**Description of the task**:
Among the entries below, only the lines starting at the one with "Maydelle, a medium" and ending at the one with "Aerial shot panning", both included, are to be printed exactly.

**Material supplied**:
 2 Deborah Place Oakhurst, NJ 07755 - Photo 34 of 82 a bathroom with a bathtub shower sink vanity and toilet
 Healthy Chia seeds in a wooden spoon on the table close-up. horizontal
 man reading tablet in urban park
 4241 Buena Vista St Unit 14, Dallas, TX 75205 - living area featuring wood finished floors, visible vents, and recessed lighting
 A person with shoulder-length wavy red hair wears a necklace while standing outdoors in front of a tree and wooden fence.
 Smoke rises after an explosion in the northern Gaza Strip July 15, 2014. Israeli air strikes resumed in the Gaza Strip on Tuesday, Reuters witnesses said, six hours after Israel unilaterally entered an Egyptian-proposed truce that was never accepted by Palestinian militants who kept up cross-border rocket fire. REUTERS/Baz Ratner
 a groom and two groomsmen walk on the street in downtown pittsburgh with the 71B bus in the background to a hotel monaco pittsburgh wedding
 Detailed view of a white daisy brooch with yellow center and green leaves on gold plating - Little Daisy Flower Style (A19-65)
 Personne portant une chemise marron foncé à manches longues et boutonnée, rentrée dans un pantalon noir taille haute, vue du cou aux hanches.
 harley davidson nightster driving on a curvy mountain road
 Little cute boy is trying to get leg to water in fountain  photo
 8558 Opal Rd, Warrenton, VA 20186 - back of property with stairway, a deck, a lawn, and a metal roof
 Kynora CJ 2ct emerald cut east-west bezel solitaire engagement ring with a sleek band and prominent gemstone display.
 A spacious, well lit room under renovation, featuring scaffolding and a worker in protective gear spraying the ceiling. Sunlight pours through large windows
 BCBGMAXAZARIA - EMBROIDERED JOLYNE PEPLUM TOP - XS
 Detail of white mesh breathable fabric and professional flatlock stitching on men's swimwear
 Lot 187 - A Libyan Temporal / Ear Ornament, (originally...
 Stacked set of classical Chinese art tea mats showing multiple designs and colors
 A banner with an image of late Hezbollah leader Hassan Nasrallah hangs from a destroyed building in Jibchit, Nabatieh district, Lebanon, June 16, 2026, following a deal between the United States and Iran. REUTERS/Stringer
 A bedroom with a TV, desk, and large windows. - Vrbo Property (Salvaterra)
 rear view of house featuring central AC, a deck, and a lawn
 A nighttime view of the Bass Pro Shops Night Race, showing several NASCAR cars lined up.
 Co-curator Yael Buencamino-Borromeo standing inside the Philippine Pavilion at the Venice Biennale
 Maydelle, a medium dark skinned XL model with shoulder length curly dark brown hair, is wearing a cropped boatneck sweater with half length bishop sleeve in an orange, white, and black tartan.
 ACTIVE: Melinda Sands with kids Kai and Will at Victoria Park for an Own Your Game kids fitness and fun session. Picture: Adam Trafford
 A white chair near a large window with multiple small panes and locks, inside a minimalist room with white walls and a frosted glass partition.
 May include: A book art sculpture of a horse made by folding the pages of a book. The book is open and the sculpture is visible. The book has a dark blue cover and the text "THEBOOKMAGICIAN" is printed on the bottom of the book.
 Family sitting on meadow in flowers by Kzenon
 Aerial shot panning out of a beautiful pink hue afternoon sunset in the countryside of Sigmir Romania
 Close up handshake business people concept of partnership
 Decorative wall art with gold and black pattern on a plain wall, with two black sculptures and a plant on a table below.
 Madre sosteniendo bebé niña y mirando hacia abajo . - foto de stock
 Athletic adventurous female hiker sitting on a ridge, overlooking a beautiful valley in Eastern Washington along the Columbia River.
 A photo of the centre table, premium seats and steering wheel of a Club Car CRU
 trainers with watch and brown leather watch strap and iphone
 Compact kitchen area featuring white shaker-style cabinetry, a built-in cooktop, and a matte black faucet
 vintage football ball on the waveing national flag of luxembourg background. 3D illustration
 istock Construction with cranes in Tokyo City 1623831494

**Problem solution**:
 Maydelle, a medium dark skinned XL model with shoulder length curly dark brown hair, is wearing a cropped boatneck sweater with half length bishop sleeve in an orange, white, and black tartan.
 ACTIVE: Melinda Sands with kids Kai and Will at Victoria Park for an Own Your Game kids fitness and fun session. Picture: Adam Trafford
 A white chair near a large window with multiple small panes and locks, inside a minimalist room with white walls and a frosted glass partition.
 May include: A book art sculpture of a horse made by folding the pages of a book. The book is open and the sculpture is visible. The book has a dark blue cover and the text "THEBOOKMAGICIAN" is printed on the bottom of the book.
 Family sitting on meadow in flowers by Kzenon
 Aerial shot panning out of a beautiful pink hue afternoon sunset in the countryside of Sigmir Romania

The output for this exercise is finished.